NHL free agency is right around the corner (July 1, to be precise), and the futures-centric NHL draft is finally past us. I’ve long been of a mind that for all the hype, the draft really isn’t as much about this season coming up as it is about building out a farm system that will yield NHL-caliber players over, say, the next few seasons.
Free agency is a totally different animal. With free agency, not only are you considering the immediate needs of a team entering the 2012-13 season, you’re probably looking at players who have a better-than-average shot at being a meaningful contributor. Case in point, take a look at this NHL.com list of the top dozen free agents on the market. Zach Parise? Ryan Suter? Shane Doan? These are the types of players who, each in their own way, can actually impact a team by their presence.
The Blue Jackets have 20 players under contract with just over $18 million in cap room remaining (at least against the soon-expiring NHL-NHL Players Association Collective Bargaining Agreement). When you consider that the NHL roster size is 23 players, the Blue Jackets have some room to try to swing a hefty deal – and that doesn’t even count the $7.8 million in cap space recouped when (if?) Rick Nash is traded out of town.
Problem is, there are 29 other teams who have eyes on these prize catches as well. As of three weeks ago, 19 teams had more salary cap space than Columbus, meaning that – in theory – those clubs have more flexibility with money than Columbus. 16 of those 29 teams also made the playoffs last year, making them perhaps more alluring (and competitive) choices to play out the primes of their careers than the host of this season’s All-Star Game. Point being, free agency is going to be the ultimate dogfight for top talent.
That’s not to say that, if it makes sense against the CBJ master plan, that I wouldn’t throw all sorts of money at the likes of a Parise. (Disclaimer: I have had a hockey man-crush on Parise since the Vanouver Olympics, one only slightly diminished by his poor performance in the 2012 Stanley Cup Finals.) I also won’t be crestfallen if Parise goes to the Detroits, New Yorks, Pittsburghs or Minnesotas of the league…or even back to New Jersey. The odds just are not in the Blue Jackets’ favor right now.
So where to go if you don’t nab the big prizes? My suggestion: Sign skilled, experienced players nearing the end of their playing careers.
This approach is nothing new for me; actually, it’s something I’ve been pushing since January. Distilled down, here’s my preferred philosophy for the 2012-13 Columbus Blue Jackets roster design:
Extricate the core, protect the kids and backfill with tough veterans who know how to win and can teach the youngsters how to play winning hockey on a day-in, day-out basis.

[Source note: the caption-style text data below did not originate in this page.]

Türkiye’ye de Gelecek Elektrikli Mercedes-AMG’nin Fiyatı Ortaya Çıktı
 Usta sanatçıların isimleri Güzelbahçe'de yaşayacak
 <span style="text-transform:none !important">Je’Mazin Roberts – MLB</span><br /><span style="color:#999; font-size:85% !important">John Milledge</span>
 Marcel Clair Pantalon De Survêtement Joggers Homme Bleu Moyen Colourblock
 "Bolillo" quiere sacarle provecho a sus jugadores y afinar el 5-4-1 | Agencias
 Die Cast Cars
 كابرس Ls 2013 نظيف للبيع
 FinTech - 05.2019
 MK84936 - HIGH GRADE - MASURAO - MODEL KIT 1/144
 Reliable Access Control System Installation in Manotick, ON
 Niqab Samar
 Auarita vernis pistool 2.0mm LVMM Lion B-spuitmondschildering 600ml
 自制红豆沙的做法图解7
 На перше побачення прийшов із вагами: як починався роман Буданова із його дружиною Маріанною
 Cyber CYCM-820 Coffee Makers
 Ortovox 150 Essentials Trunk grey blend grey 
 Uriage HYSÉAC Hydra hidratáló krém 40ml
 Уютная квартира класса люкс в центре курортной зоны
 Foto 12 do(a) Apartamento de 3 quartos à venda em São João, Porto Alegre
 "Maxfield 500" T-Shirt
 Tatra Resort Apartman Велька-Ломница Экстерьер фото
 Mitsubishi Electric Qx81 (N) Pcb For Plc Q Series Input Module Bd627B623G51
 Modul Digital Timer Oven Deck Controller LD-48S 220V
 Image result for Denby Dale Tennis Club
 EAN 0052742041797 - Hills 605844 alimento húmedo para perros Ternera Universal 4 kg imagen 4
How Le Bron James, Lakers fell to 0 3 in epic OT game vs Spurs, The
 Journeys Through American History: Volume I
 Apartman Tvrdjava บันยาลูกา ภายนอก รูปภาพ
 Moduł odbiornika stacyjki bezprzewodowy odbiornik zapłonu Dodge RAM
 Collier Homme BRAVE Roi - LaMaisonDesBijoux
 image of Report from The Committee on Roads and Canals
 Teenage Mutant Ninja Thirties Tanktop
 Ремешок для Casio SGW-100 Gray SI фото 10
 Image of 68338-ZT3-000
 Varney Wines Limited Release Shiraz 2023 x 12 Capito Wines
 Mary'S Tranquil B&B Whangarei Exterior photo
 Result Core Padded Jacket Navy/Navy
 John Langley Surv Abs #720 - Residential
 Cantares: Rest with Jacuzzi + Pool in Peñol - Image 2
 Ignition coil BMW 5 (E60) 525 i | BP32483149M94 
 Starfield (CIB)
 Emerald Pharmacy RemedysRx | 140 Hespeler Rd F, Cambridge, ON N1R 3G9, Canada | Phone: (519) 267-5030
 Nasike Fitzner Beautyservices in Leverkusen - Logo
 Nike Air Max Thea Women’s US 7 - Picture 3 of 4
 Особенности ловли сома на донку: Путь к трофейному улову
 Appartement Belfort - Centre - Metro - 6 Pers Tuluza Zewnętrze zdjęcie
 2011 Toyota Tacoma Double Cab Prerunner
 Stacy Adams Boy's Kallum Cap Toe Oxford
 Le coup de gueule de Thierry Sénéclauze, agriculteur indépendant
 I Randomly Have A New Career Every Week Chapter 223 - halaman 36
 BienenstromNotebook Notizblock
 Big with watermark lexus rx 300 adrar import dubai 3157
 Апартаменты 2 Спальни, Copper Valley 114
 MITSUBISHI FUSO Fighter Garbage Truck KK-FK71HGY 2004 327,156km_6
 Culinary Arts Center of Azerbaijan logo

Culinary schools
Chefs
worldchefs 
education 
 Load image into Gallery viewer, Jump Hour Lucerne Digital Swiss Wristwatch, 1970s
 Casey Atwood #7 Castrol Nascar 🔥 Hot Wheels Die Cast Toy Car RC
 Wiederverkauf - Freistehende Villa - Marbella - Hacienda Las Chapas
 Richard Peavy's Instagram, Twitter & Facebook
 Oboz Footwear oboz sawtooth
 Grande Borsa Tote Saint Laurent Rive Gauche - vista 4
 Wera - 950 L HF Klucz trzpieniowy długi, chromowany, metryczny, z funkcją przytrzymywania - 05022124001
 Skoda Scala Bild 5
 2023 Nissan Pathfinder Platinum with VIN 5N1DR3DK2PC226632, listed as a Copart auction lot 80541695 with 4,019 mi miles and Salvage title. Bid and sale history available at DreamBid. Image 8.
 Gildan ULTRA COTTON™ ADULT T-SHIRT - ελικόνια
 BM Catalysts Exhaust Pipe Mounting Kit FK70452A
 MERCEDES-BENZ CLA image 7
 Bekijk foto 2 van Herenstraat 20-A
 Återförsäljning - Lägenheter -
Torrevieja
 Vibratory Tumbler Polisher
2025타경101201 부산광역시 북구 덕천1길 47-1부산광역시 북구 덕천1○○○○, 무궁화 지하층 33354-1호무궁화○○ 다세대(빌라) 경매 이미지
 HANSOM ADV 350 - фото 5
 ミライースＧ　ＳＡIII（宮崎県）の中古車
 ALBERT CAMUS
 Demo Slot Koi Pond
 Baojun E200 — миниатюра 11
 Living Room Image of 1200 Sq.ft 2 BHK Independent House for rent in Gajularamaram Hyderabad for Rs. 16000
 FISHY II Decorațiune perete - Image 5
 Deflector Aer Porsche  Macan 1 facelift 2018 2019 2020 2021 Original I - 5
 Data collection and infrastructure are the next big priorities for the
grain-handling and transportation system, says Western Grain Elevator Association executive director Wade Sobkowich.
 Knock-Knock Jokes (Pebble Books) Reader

By “extricate the core,” I’m suggesting that the team move as many of the players who have hung around through four head coaches in two years. By my count, we’re down to eight of those players – Boll, Brassard, Dorsett, Mason, Methot, Nash, Tyutin and Umberger. It’s a pie-in-the-sky proposal, I know, but it emphasizes my point that there is a core group of players who has been party to altogether way too much losing. And if you’re going to change a culture, it’s a lot easier if you do not have the guardians of the old culture running the locker room. If the Blue Jackets management is savvy enough to identify the specific players who drove the team to their current state, then maybe this suggestion doesn’t need to be so drastic.
When I say “protect the kids,” I mean draft wisely, get good prospects in the system and bring them along at a rational pace. Don’t rush them and risk destroying their long-term potential.
And then the subject of today’s piece, “backfill with tough veterans”. The wise selection of free agent veterans will:
* Allow coach Todd Richards and his staff a group of professionals upon which to lean as they try to bring the Blue Jackets out of the NHL cellar.
* Provide the team with mentors and educators for the Ryan Johansens and Ryan Murrays of the Blue Jackets’ system.
* Offer the locker room a buffer against any attitudinal backslide toward a losing culture.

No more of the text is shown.